Quote:Commentary from a USPS AFCS operator:
Quote:
Some Tips and Debunking Myths on Shipping Cards through USPS.
After seeing the post yesterday from a front end postal worker and some misinformation in the comments. I thought I should give you some insight from someone who used to run the machines that process your mail.
Myth - Stamping your mail with "hand sort only", "non-bendable", "do not bend", "non-machinable", or "warning nuclear bomb inside" will cause your mail to be processed differently than normal mail.
Nothing on your envelope is read by a person. Only by going to the post office, paying the non-machinable up charge, and giving them the mail directly will cause your mail to be hand sorted. When the mail arrives at the processing center from the local post offices, the non-machinable mail is in a tote separate from regular mail. It is then put through a relatively slow machine without any bends to cancel and code the mail.
If you don't do this the mail is first run through this machine, AFCS 200. This is the machine I ran.

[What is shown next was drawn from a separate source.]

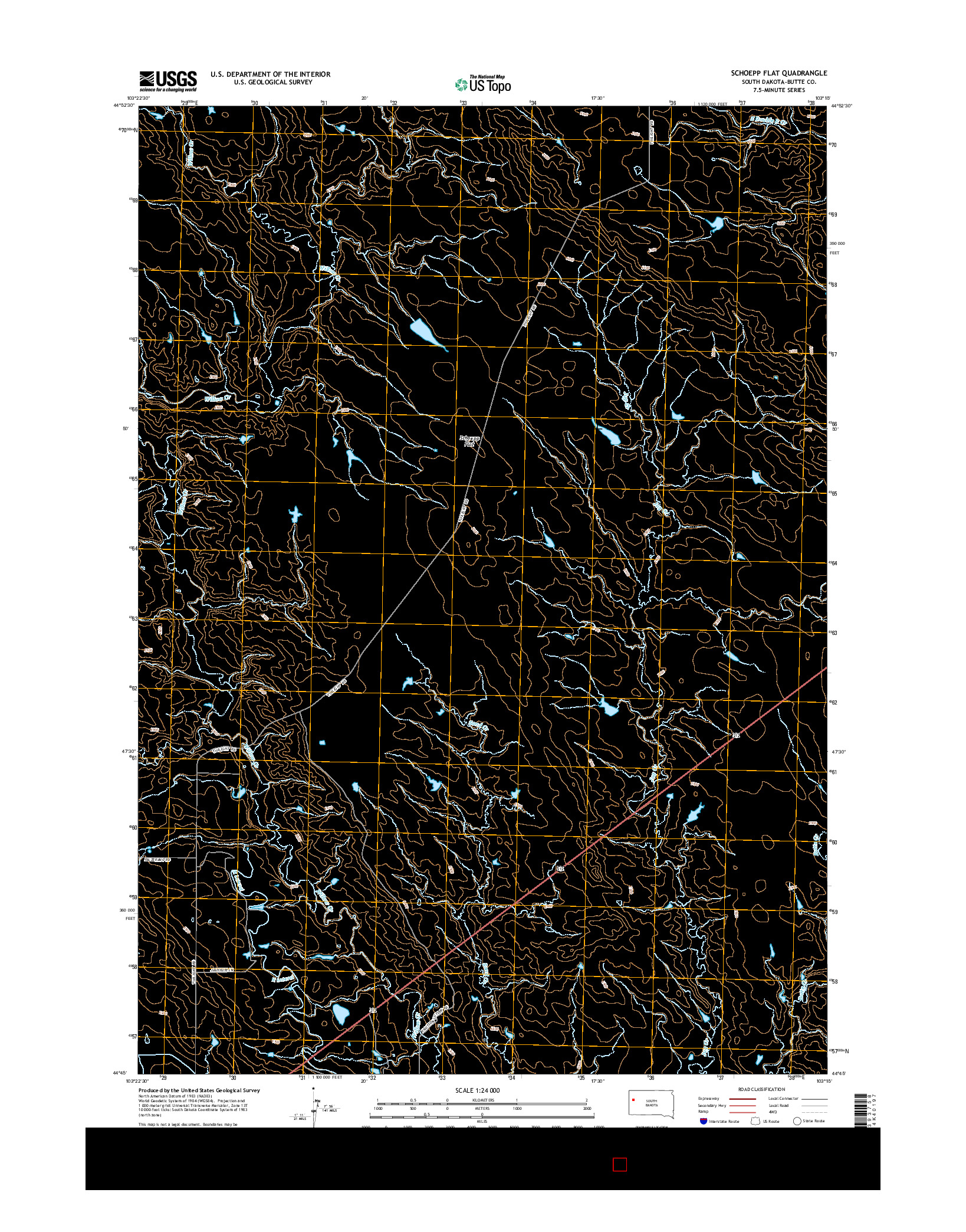 USGS US TOPO 7.5-MINUTE MAP FOR SCHOEPP FLAT, SD 2015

In the back at the start of the video you can see part of the giant purple machine where the letters are first dumped on conveyor belts and staged before being fed into the AFCS.
There is a large
eBay card vendor in my area and we get a few hundred letters a day from them. I always dread it when it comes in and hope it goes down one of the other AFSC. They frequently get jammed and torn. As you can see by the video the mail can be bent around 4" spindle. If your letter can't bend around a Chunky soup can, it won't make it through the machine. If it jams it is removed but I've seen it fall out of the belts and get destroyed. Felt bad to see a play set of [[Sunken Ruins]] destroyed from rubbing against a belt for 3 hours.